_YOUR OBJECTIVE_
Beginning at the line that holds "VTG Women in" and continuing to the last line of the data below, transcribe every line word for word, without pictures.

_RAW DATA_
*** Block opens ***

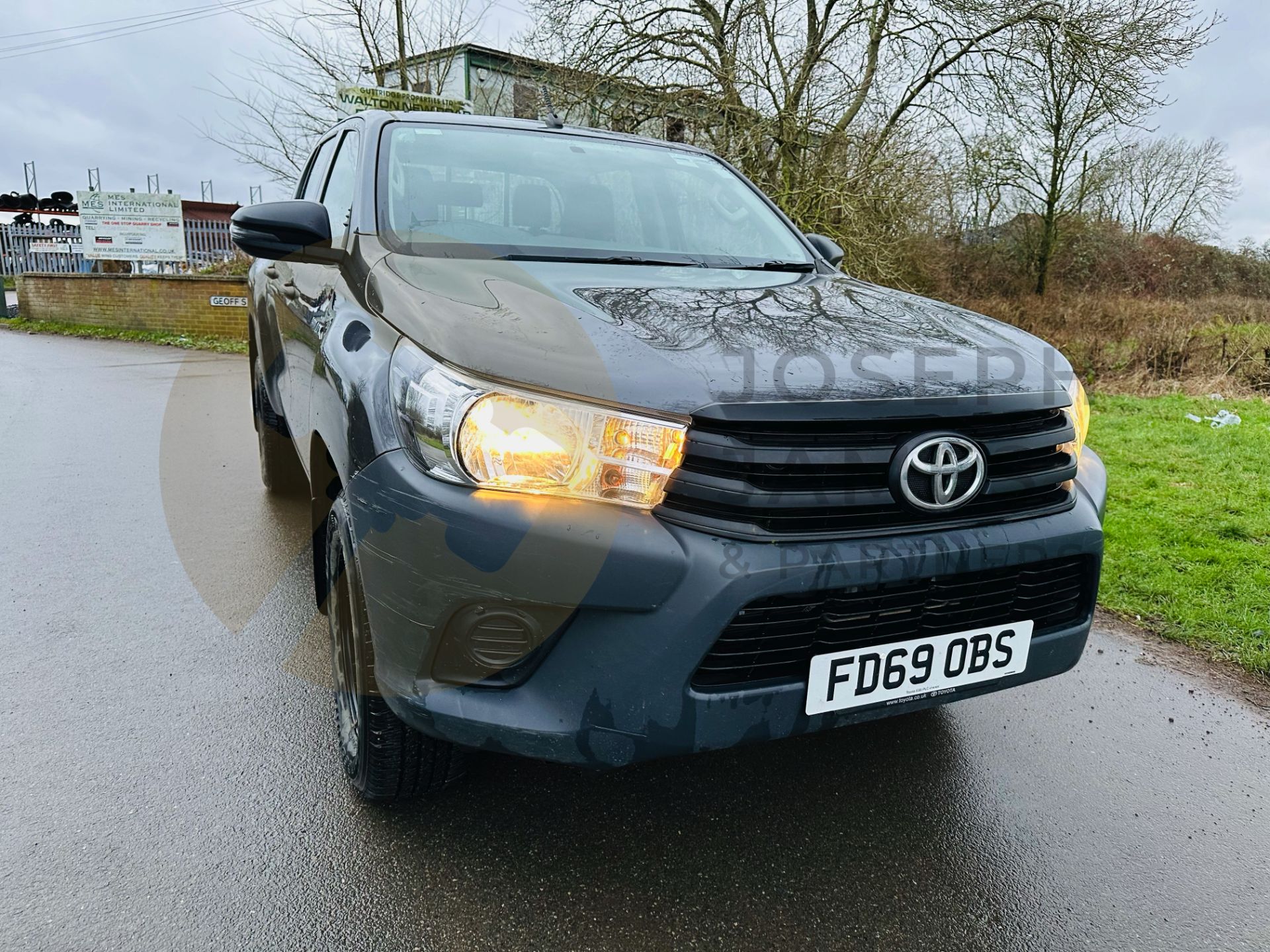 TOYOTA HILUX 2.4 D4-D "ACTIVE" D/CAB 4 DOOR - 2020 MODEL - 1 OWNER - ONLY 41K MILES - AIR CON - LOOK - Image 3 of 32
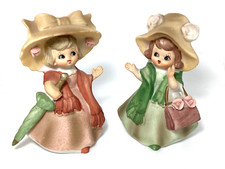 VTG Women in Bonnets w/Handbag  Unbrella 5661 Porcelain Japan Set of 2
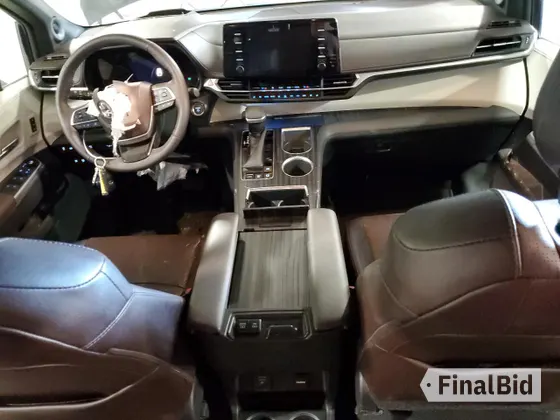 2021 Toyota Sienna Limited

*** Block closes ***

_SOLUTION_
 VTG Women in Bonnets w/Handbag  Unbrella 5661 Porcelain Japan Set of 2
 2021 Toyota Sienna Limited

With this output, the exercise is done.